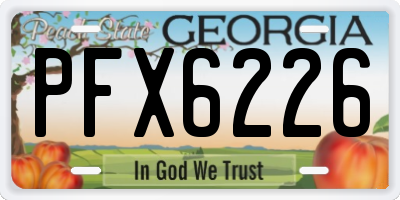 GA license plate PFX6226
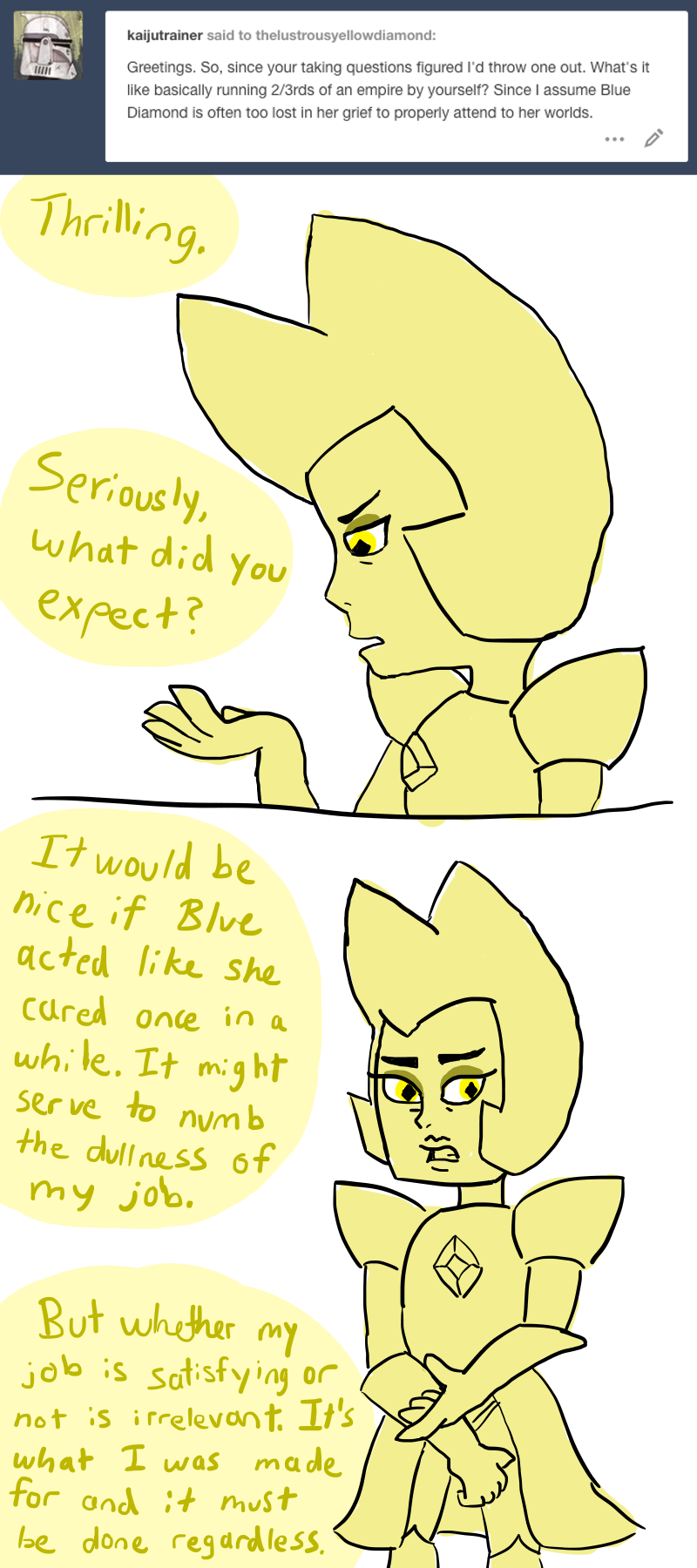 Read Ask her Lustrousness, Yellow Diamond :: Running the empire | Tapas  Community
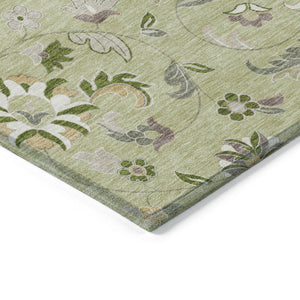Homeroots 3' Floral Artichoke Green And Gray Area Rug For Indoor Outdoor Spaces - Washable & Stain Resistant 5' X 8' Polyester 597789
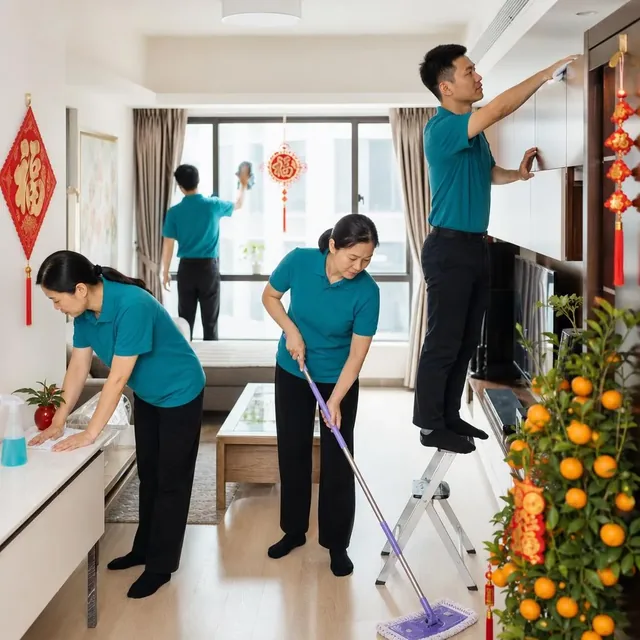 清潔團隊在掛有揮春燈籠的家居進行新年大掃除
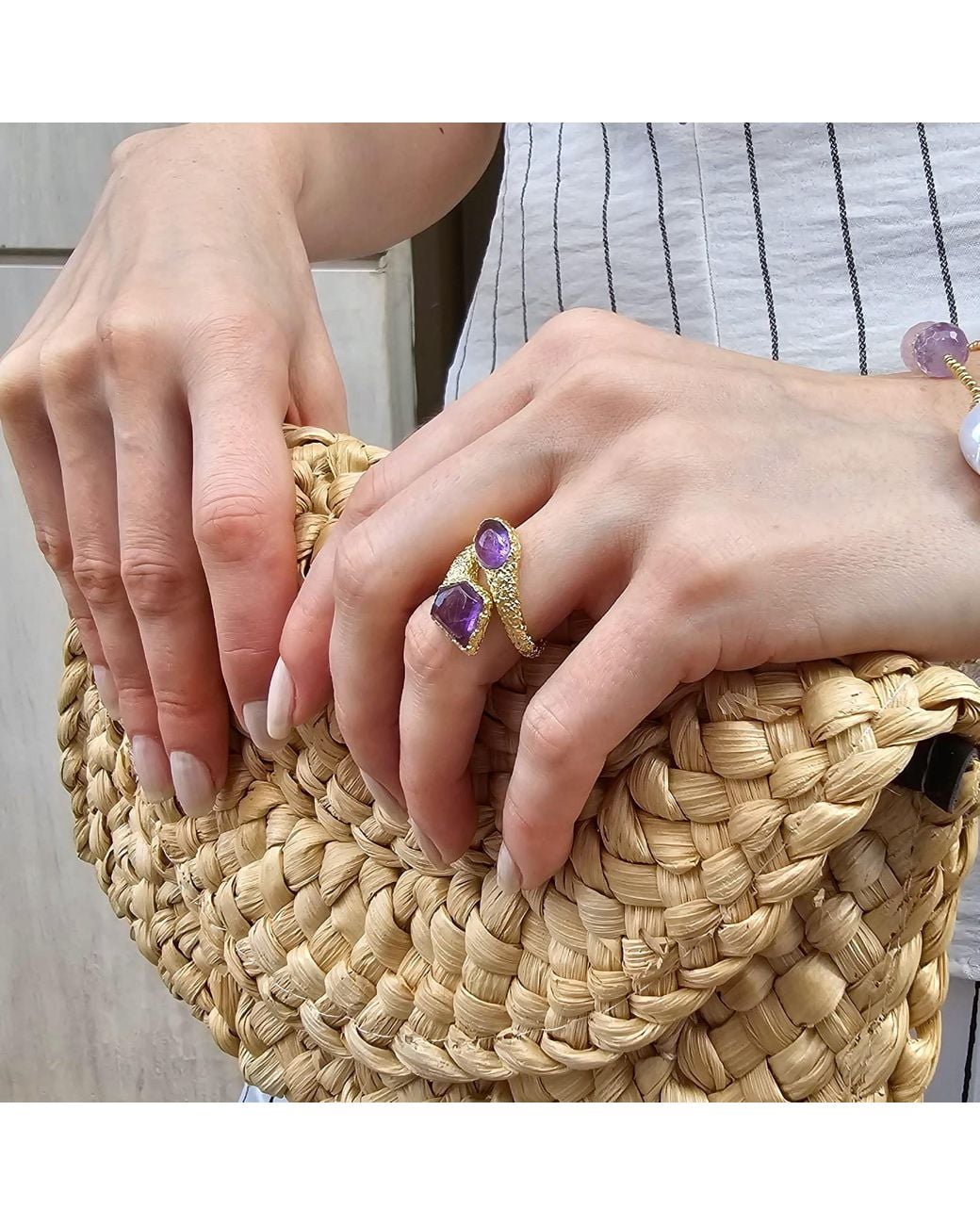 Farra Purple Amethyst Open Ring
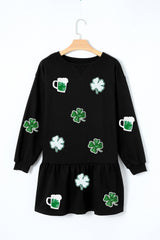 Clover Beer Patched Ruffle Hem Dress OutfitFlow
------------------------
ACTIVITY
Your answer must be exactly the lines from the one with "Farra Purple Amethyst Open Ring" through the final line of the data, with no pictures in it.

EXERCISE ANSWER
 Farra Purple Amethyst Open Ring
 Clover Beer Patched Ruffle Hem Dress OutfitFlow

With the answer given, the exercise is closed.